Dance the Varati

Duplov, November 23 – The Magat Party (“Justice”) of Jonasz Omlen is projected to win the general elections of Orbaijan by a landslide majority. With approximately 80 percent of the votes counted at noon today, Magat is predicted to occupy 54 of the 99 seats in the national assembly.

International observers have reported many small irregularities at the poll booths. As part of his platform Omlen had threatened to outlaw the popular Varati dance if his party would come to power.

When you read this you cannot help but think that this Omlen guy may be a shady character. It is not that simple.

I have lived in a small town removed a three hours drive from Duplov. The Varati is a staple there, and you cannot imagine it ever going away. As far as folk dances go it is simple enough. Paired men and paired women, and all the hand waving and toe tapping that constitute folk dances around the world.

It has one thing that sets it apart, and that is its fierce competitive aspect. You can win or lose a Varati, and winning a dance is considered an honour. People dance to become champions of the family, the dormitory, the neighbourhood or the region, and most Orbaijani enter that ever ongoing competition zealously.

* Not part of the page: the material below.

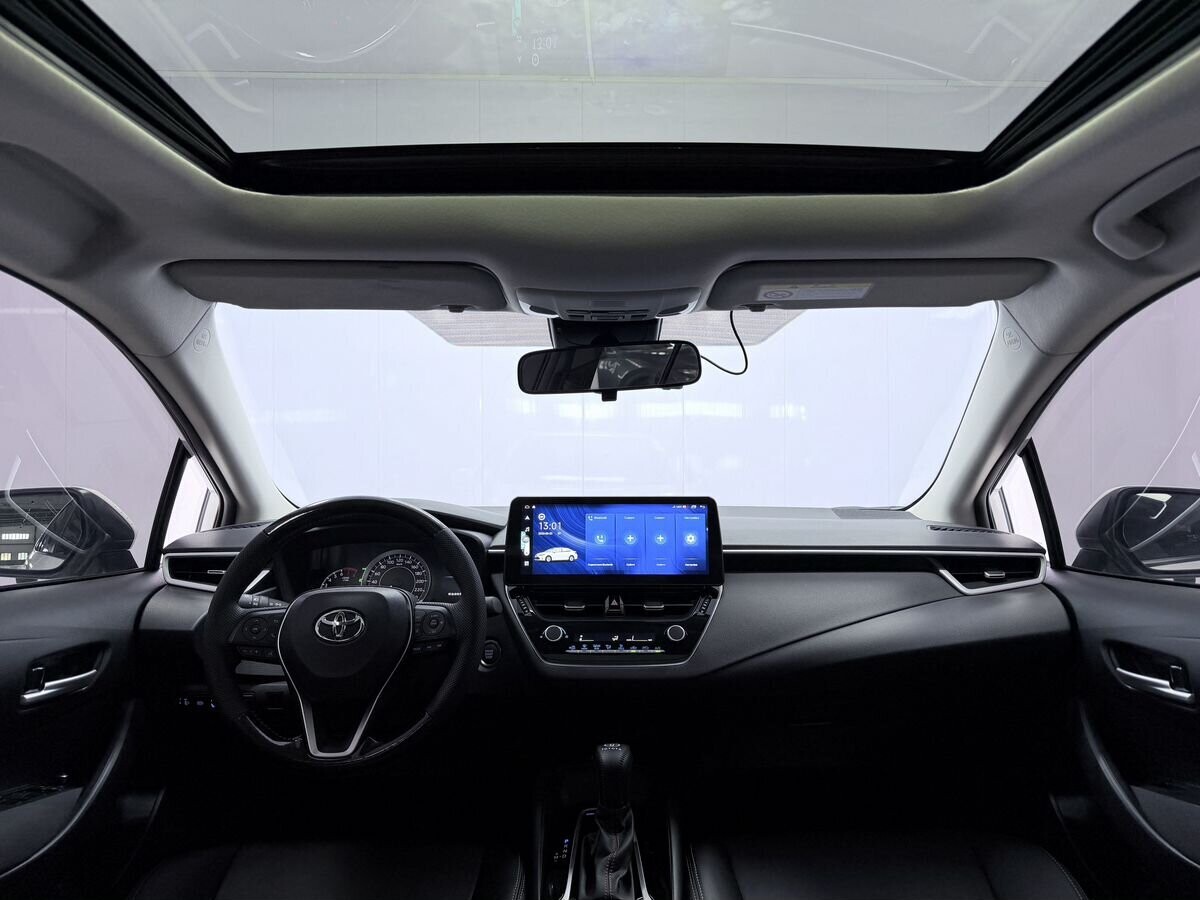 Toyota Corolla 2022 - фото автомобиля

It takes strength and agility to win a Varati, and since being a champion is so important, the partners don’t hesitate to help each other lose by knocking the other over, making them trip or simply even hitting them. Yes, the Varati is often more like a fight than a dance, even though every Orbaijani you talk to vehemently denies so and stresses its aesthetic and social qualities. It is the one dance in the world that wounds most participants, and it is not hard to see why Magat would want to see it outlawed.

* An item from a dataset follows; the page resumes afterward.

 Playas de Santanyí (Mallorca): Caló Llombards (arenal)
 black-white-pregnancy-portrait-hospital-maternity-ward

But I think there is another reason.

One of the unwritten rules of the Varati, as a sport, is that the winner takes care of any injuries the loser may have gotten. It is brutal dance, and broken legs or any other disabling injuries are not an exception. It would thus only be fair that an activity that ostensibly is only there to while away the time not lead to disabilities.

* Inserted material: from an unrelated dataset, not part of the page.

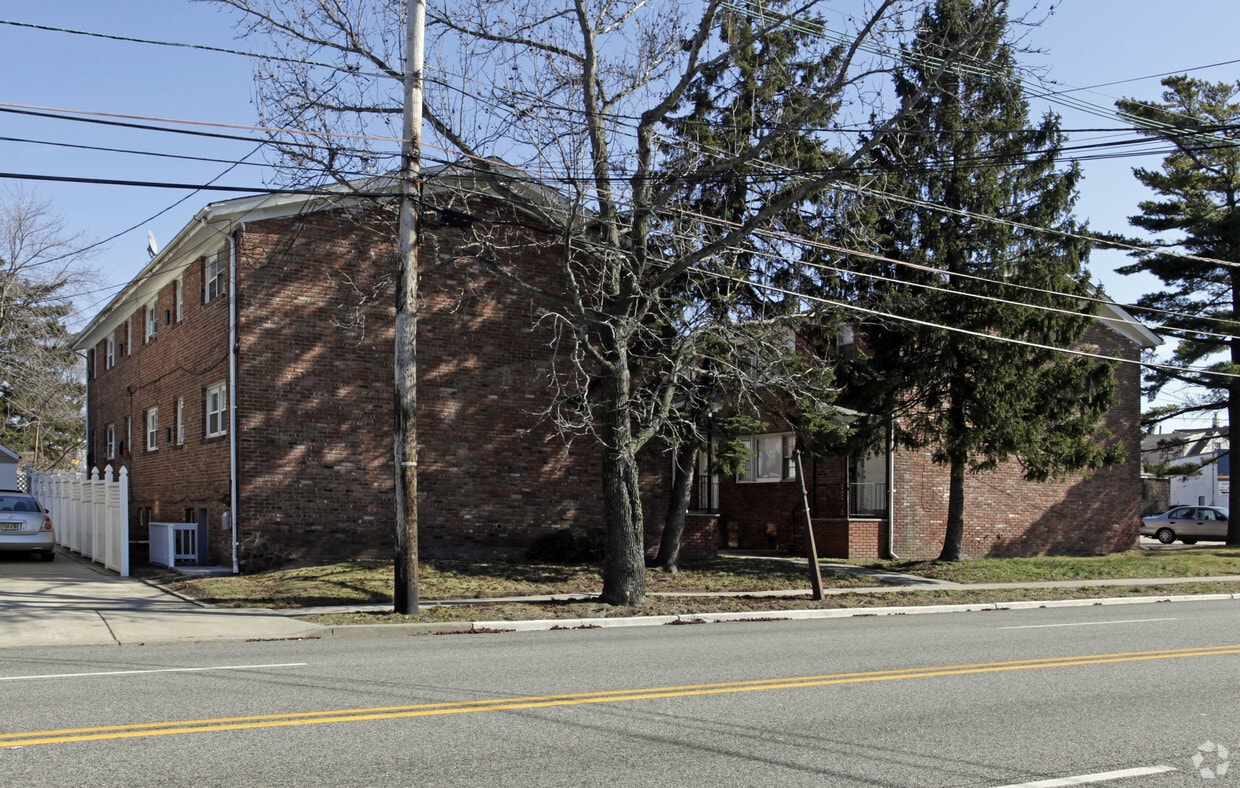 Primary Photo - 752 Convery Blvd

The men often send over their wives or daughters to take care of the loser with healthy broths and massages, and honour prescribes that these women take their healing job serious. They often stay nights in a row at the loser’s house.

The last ten years or so, many Orbaijni have been dancing the Varati to lose.

Orbaijan’s traditional social fabric has begun to disintegrate, to be replaced by something as yet undetermined. The Varati is killing marriages and friendships. And I think that is the problem Omlen recognizes and tries to tackle.